▸ WORK INSTRUCTIONS
Which lines of the data contain the string "pour"? Copy every one.

DATASET RECORDS section start

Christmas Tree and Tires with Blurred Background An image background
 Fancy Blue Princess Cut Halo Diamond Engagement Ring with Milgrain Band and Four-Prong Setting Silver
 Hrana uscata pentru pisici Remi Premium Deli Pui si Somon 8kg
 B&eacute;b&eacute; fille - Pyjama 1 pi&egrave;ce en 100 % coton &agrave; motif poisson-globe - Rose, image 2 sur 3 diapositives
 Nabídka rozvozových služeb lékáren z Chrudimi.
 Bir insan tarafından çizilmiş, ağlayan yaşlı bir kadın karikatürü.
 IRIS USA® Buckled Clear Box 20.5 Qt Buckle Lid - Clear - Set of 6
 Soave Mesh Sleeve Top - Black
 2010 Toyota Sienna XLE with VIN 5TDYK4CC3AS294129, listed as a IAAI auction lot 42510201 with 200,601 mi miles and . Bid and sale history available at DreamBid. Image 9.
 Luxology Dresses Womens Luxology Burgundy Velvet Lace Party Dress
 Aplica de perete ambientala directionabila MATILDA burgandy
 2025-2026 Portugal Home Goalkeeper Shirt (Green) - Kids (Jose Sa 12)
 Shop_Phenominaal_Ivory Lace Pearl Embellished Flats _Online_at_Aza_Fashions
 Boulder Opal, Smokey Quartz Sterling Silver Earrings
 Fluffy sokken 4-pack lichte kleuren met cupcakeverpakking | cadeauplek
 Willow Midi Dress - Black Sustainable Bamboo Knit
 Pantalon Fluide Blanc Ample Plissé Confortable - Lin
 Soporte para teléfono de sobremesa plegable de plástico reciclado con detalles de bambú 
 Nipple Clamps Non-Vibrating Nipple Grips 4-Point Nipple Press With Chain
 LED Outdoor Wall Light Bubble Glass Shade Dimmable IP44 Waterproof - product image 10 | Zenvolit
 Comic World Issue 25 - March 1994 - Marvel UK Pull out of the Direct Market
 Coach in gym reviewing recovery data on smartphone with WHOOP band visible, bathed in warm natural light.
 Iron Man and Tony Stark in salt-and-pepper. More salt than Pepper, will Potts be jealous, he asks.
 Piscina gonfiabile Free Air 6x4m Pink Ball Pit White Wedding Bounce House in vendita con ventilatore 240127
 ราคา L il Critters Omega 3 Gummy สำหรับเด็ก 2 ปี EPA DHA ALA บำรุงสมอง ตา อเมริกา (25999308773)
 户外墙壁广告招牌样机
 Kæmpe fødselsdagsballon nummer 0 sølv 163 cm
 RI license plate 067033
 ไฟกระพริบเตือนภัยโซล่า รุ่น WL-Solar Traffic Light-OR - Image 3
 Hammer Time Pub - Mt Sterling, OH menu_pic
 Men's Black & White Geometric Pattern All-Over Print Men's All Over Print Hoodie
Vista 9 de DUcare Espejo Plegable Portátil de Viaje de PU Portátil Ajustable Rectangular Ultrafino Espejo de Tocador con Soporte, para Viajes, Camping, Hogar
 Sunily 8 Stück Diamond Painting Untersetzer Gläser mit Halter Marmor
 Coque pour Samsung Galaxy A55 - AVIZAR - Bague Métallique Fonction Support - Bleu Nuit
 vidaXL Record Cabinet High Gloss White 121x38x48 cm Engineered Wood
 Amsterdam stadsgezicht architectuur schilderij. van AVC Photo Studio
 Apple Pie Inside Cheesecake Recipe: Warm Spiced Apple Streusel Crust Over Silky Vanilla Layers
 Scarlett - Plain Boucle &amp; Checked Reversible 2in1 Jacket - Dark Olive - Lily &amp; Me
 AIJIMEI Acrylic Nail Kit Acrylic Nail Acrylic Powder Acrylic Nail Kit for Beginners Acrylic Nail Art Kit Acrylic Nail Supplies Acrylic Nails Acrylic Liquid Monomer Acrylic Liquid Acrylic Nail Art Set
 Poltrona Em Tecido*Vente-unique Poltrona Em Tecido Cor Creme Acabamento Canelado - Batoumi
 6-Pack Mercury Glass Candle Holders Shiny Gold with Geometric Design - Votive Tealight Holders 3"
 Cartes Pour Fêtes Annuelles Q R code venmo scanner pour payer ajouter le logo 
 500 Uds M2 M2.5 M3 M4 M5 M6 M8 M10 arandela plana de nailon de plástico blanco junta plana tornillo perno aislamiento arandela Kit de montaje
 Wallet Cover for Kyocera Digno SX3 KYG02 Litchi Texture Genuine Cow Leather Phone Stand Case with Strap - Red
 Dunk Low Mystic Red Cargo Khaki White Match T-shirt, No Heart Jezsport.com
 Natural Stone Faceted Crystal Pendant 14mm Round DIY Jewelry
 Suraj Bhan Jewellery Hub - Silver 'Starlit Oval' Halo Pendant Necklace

DATASET RECORDS section end

▸ ANSWER TO THIS PROBLEM
 Coque pour Samsung Galaxy A55 - AVIZAR - Bague Métallique Fonction Support - Bleu Nuit
 Cartes Pour Fêtes Annuelles Q R code venmo scanner pour payer ajouter le logo 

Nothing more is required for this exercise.